The article suggests that some doctors may be ignoring a patient’s best interests. One of the leading experts, and the doctor who helped establish ADHD as a diagnosis, Dr. Keith Conners, is also speaking out. The article quotes Dr. Connor, “The numbers [of ADHD] make it look like an epidemic. Well, it’s not. It’s preposterous.”
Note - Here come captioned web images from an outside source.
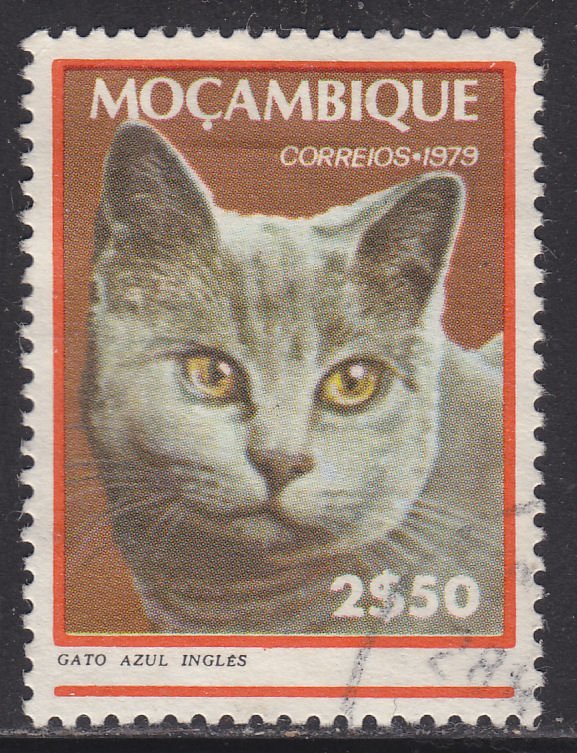 Mozambique 620 English Blue Cat 1979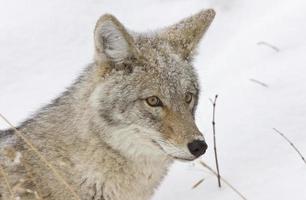 Yellowstone Park Wyoming Winter Snow coyote photo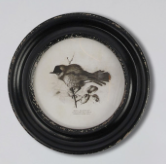 Round Wall Decor Bird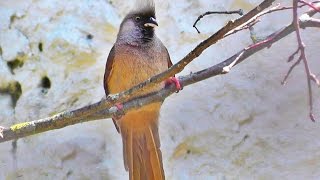 Speckled Mousebird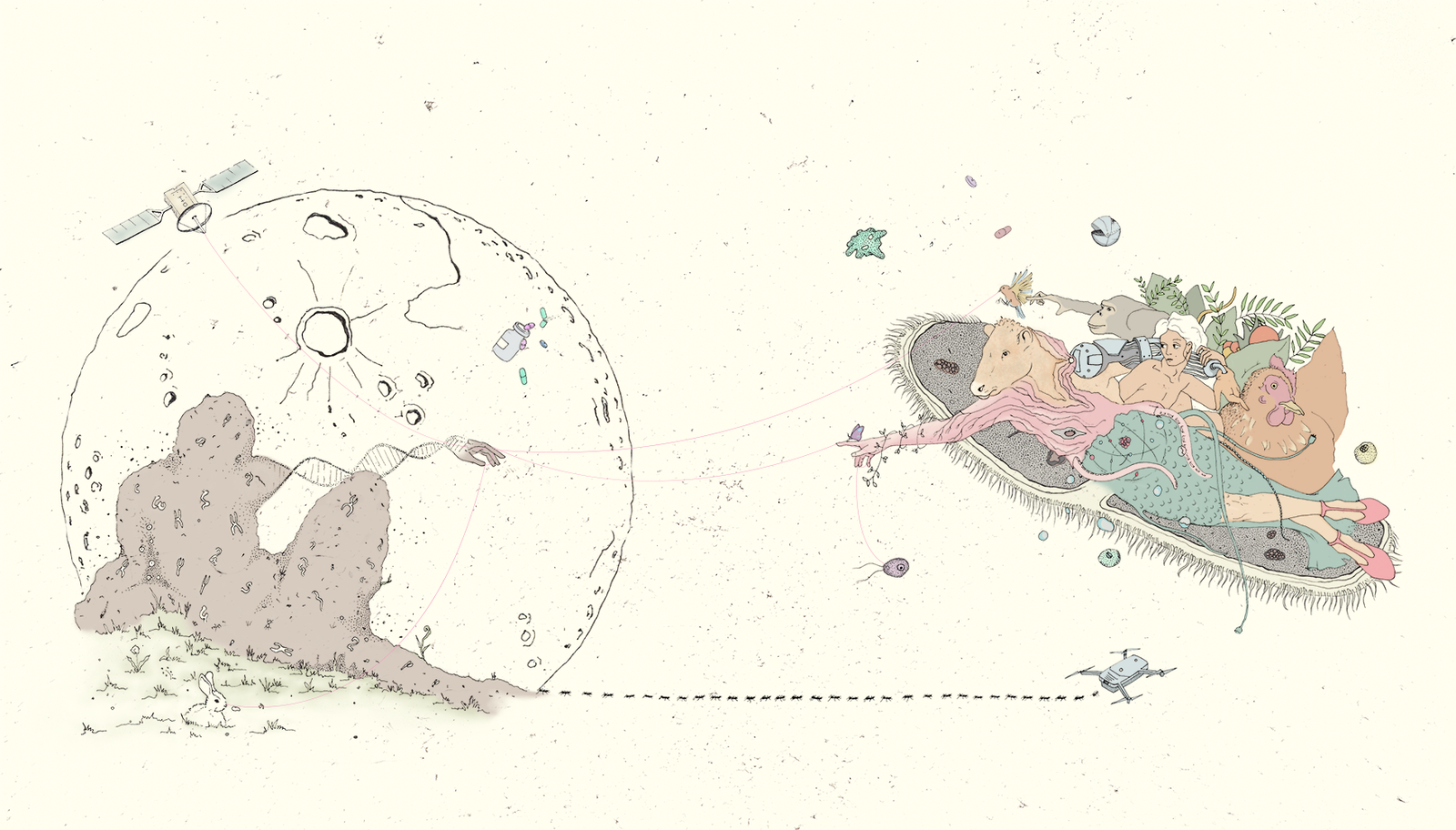 feminism philosophy science illustration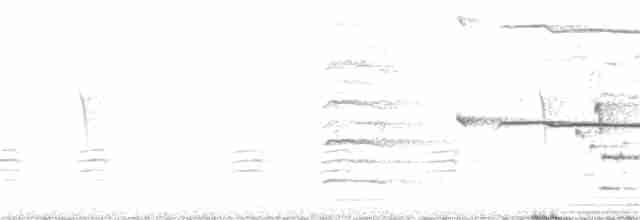 Ширококрылый канюк - ML245631361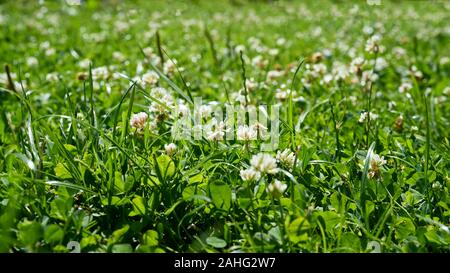 Clover sur une prairie dans un parc en été Banque D'Images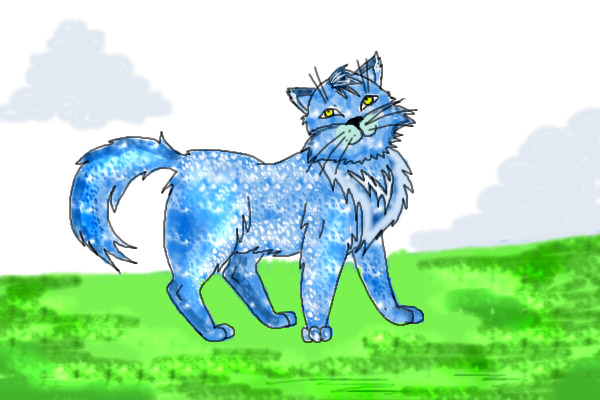 Blue sky cat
The article describes how pharmaceutical companies market by expanding the public’s perception of what “typical” ADHD looks like. This includes suggesting that somewhat common human behaviors, such as carelessness and impatience, are possible signs and symptoms of ADHD. Thus, it’s no surprise that sales have increased so dramatically when people are being told that this drug will essentially relieve them of their day-to-day troubles. However, the article points out that drug companies are not discussing the risks associated with amphetamine use such as restlessness, excitability, fear, nervousness, anxiety, dizziness, headache, tremors, or the bigger issues like drug dependence, increased blood pressure, and heart palpitations.
Overall, the article offers a disturbing answer to the question of why there has been a sudden increase in the number of ADHD cases…the marketing of pharmaceutical companies. Now, this article wasn’t peer-reviewed, nor was it published in an academic journal, so one must take it with a grain of salt. Still, it does raise questions worth thinking about.